When you output the records, match them exactly and omit any picture they include.

** Opening SUPPLIED MATERIAL block **

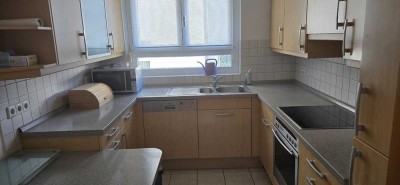 Familienfreundliche 4-Zimmer-Wohnung mit Terrasse, TG-Stellplatz & Einbauküche in Eggenstein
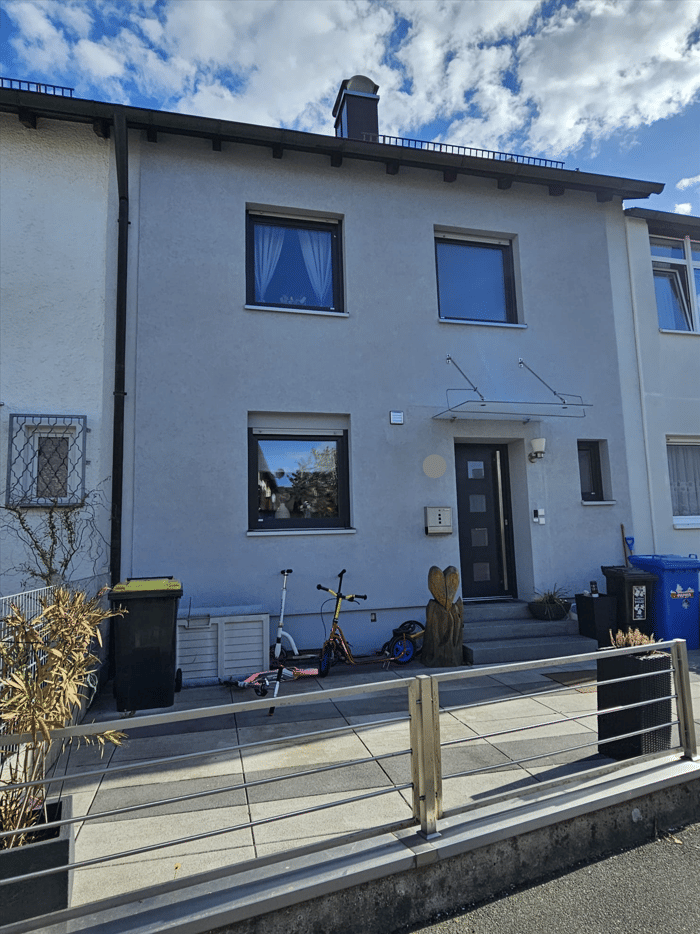 N-Kornburg großzügiges RMH mit optimaler Raumaufteilung, zeitgemäß saniert, mit gepflegtem Garten, Balkon und Garage. – Nürnberg – Vorschaubild 2
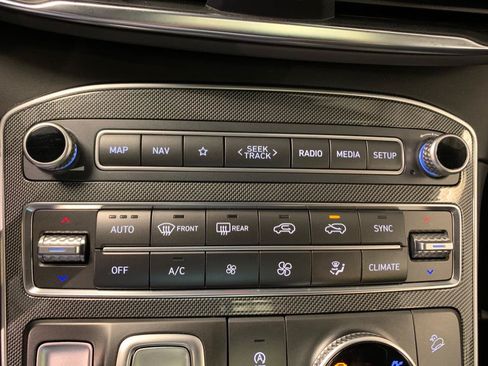 Used 2022 Hyundai Santa Fe SEL w/ Convenience + Premium Package AWD/4WD image 36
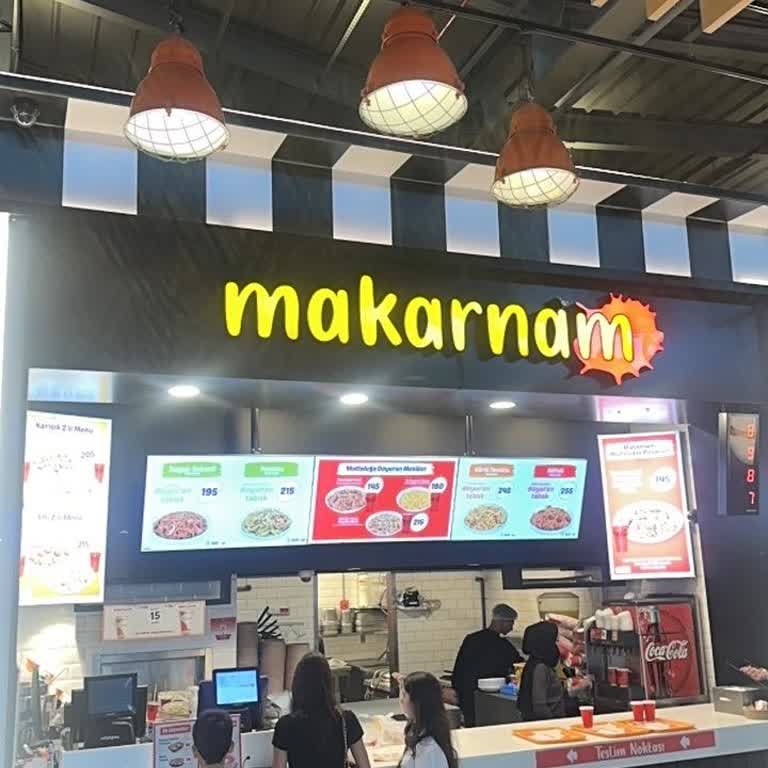 Yemekte Çöp Poşeti: Hijyen İhlali Ve Çalışanların Saygısız Davranışı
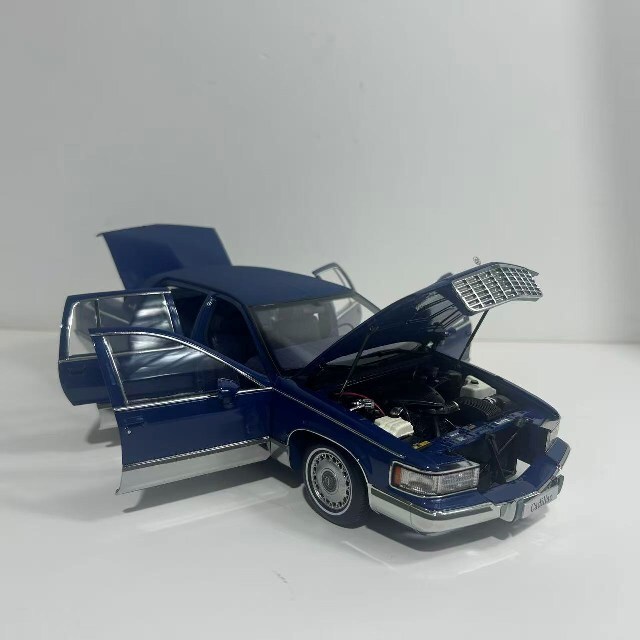 ☆予約品☆ XiaoGuang MODEL 1/18 キャデラック フリートウッド ブルー
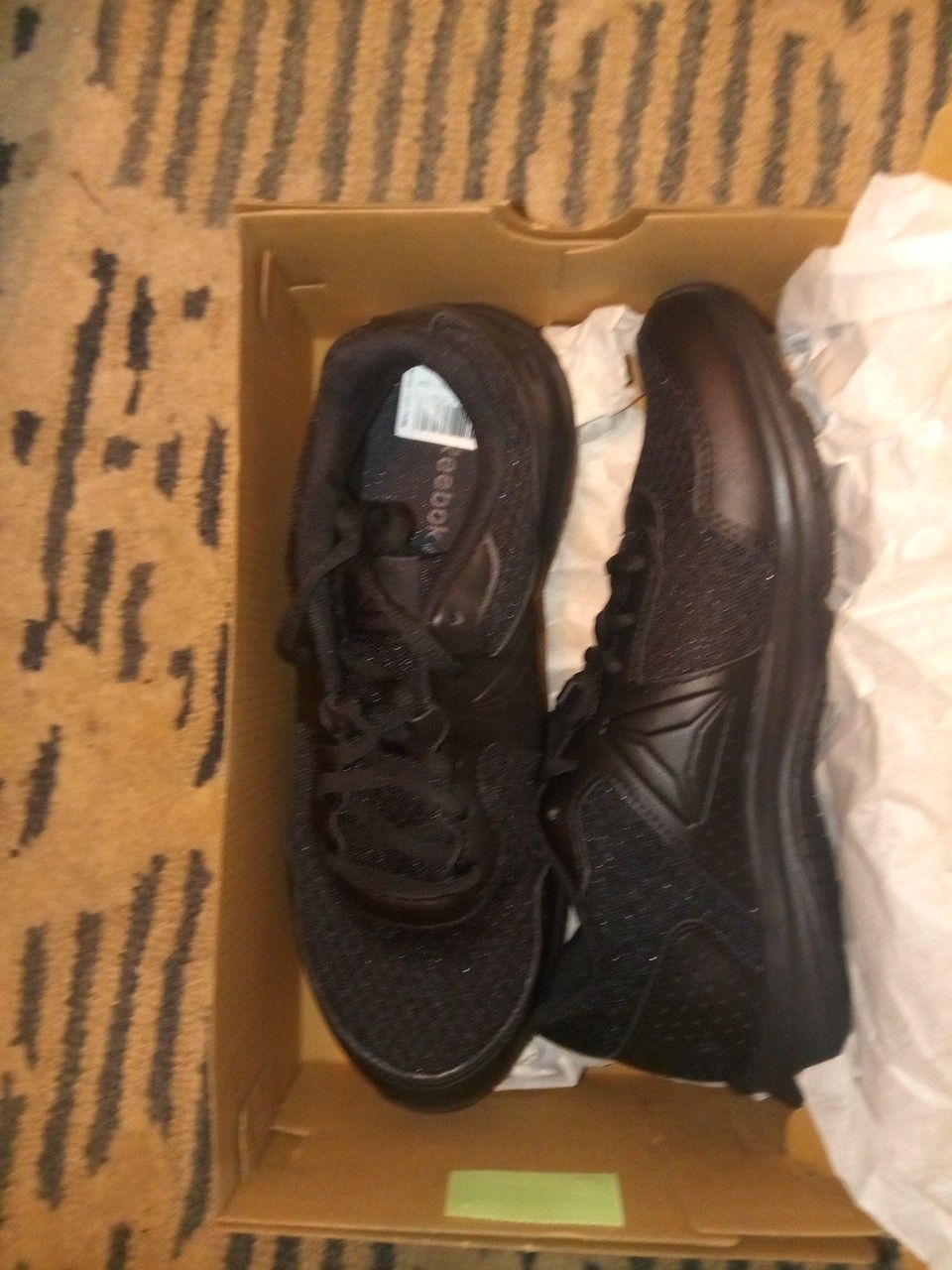 Lady Reebok size 7 black comfort and strong quality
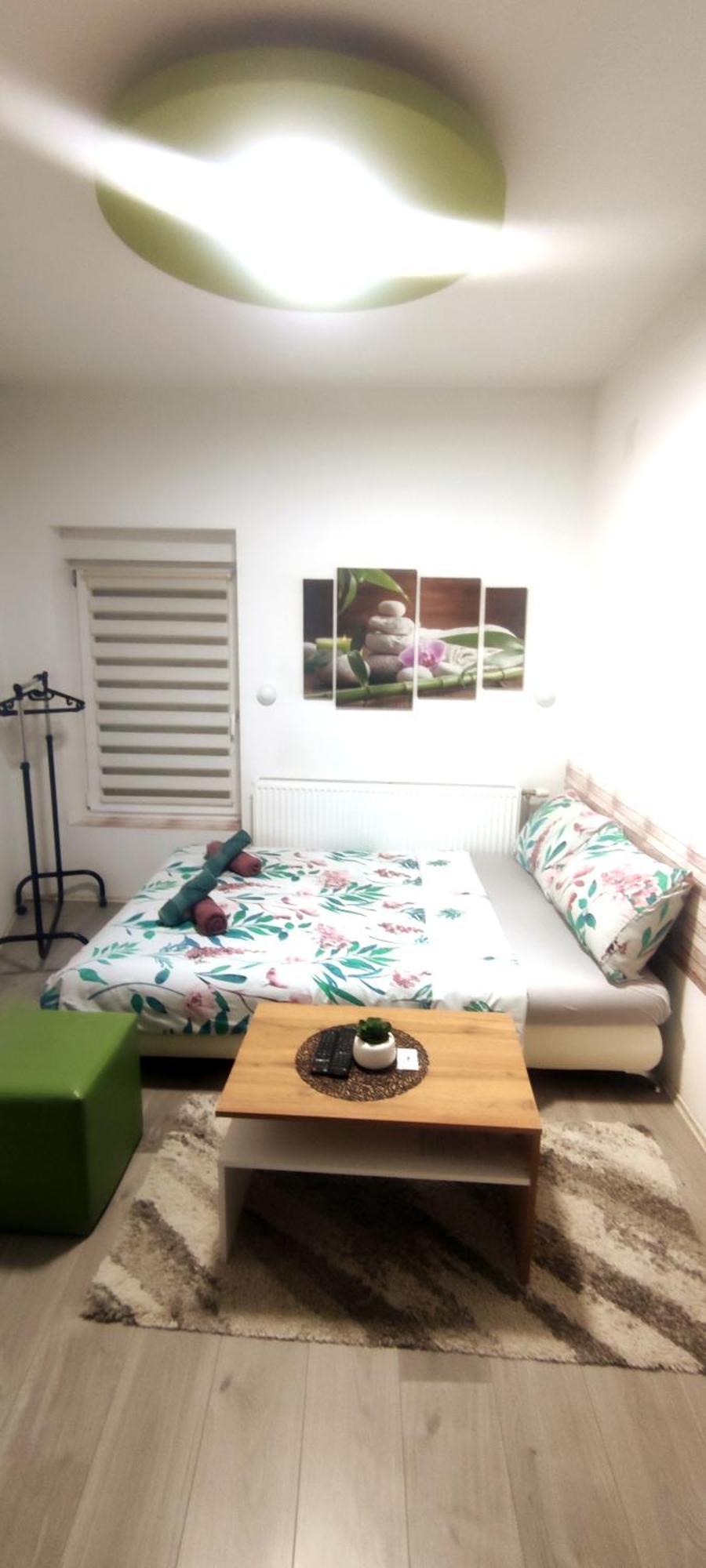 Zen Apartmani Zrenjanin Esterno foto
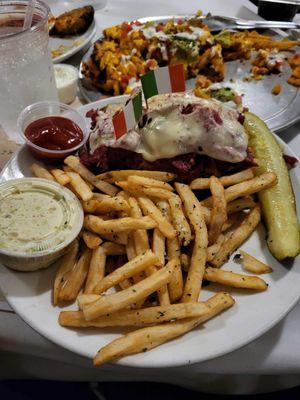 Ruben Sandwich, Cole slaw , fries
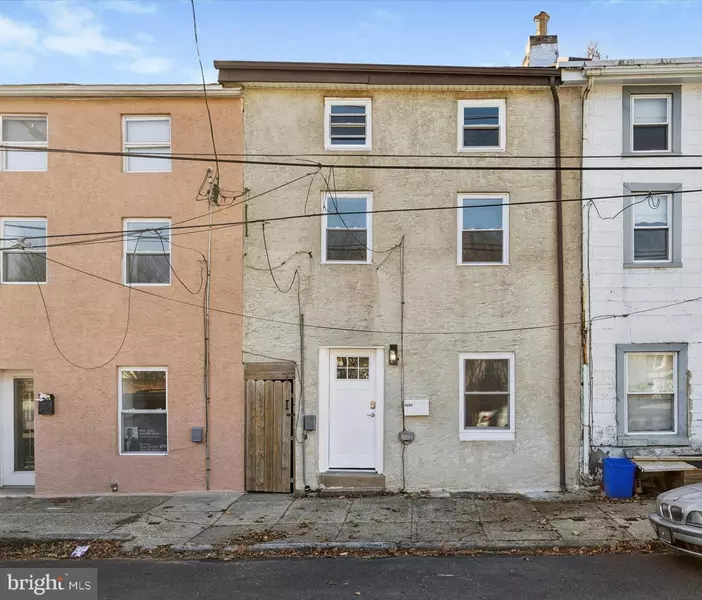 4666 CANTON ST, Philadelphia, PA 19127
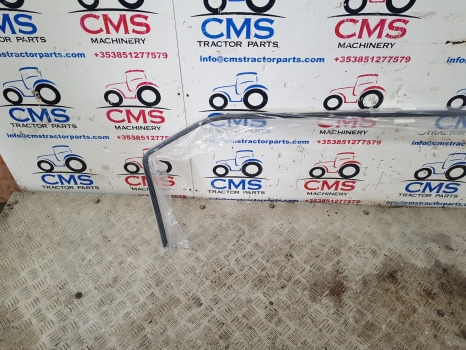 Ford 5610, 6610, 7610, 7810 Q Cab Rear Window Frame Bottom 41723 - Window and parts: picture 2 Ford 5610, 6610, 7610, 7810 Q Cab Rear Window Frame Bottom 41723 - Window and parts: picture 2
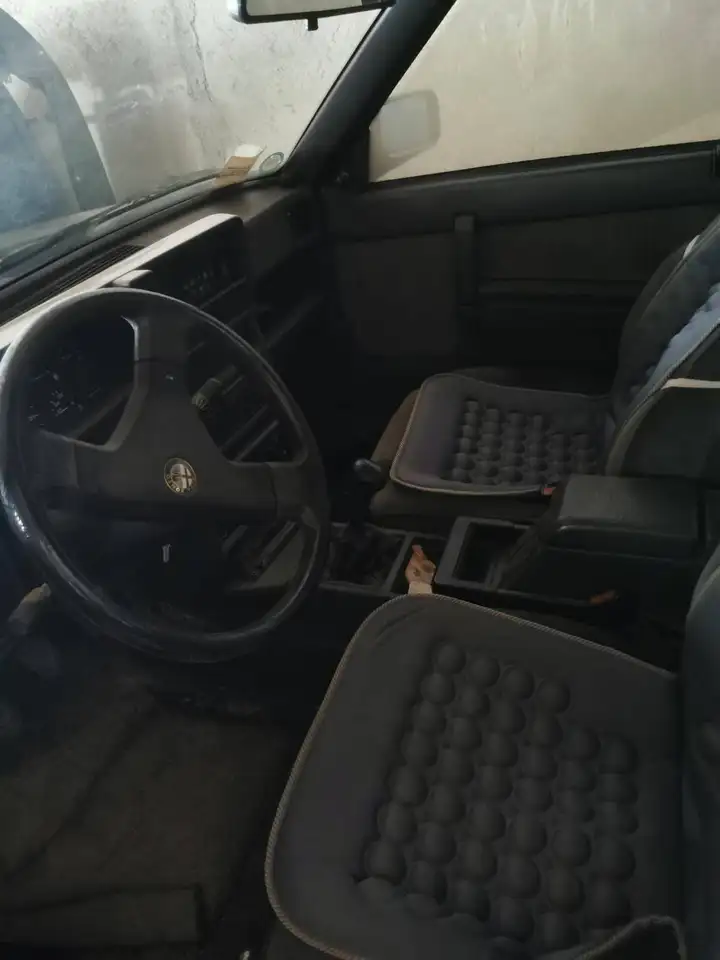 Alfa Romeo 75 1.8 ie, foto 7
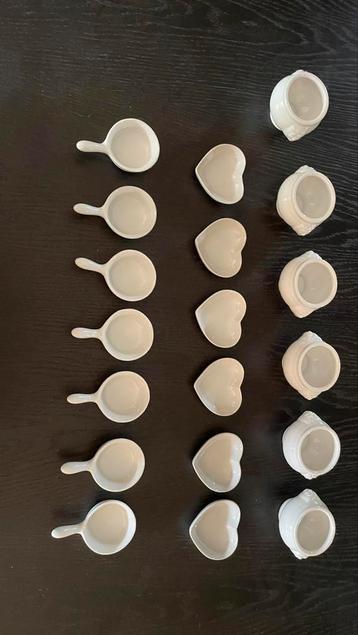 Complete Set van 18 Witte Saus-/Tapas-/dipschaaltjes beschikbaar voor biedingen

** Closing SUPPLIED MATERIAL block **

RESPONSE AREA
 Familienfreundliche 4-Zimmer-Wohnung mit Terrasse, TG-Stellplatz & Einbauküche in Eggenstein
 N-Kornburg großzügiges RMH mit optimaler Raumaufteilung, zeitgemäß saniert, mit gepflegtem Garten, Balkon und Garage. – Nürnberg – Vorschaubild 2
 Used 2022 Hyundai Santa Fe SEL w/ Convenience + Premium Package AWD/4WD image 36
 Yemekte Çöp Poşeti: Hijyen İhlali Ve Çalışanların Saygısız Davranışı
 ☆予約品☆ XiaoGuang MODEL 1/18 キャデラック フリートウッド ブルー
 Lady Reebok size 7 black comfort and strong quality
 Zen Apartmani Zrenjanin Esterno foto
 Ruben Sandwich, Cole slaw , fries
 4666 CANTON ST, Philadelphia, PA 19127
 Ford 5610, 6610, 7610, 7810 Q Cab Rear Window Frame Bottom 41723 - Window and parts: picture 2 Ford 5610, 6610, 7610, 7810 Q Cab Rear Window Frame Bottom 41723 - Window and parts: picture 2
 Alfa Romeo 75 1.8 ie, foto 7
 Complete Set van 18 Witte Saus-/Tapas-/dipschaaltjes beschikbaar voor biedingen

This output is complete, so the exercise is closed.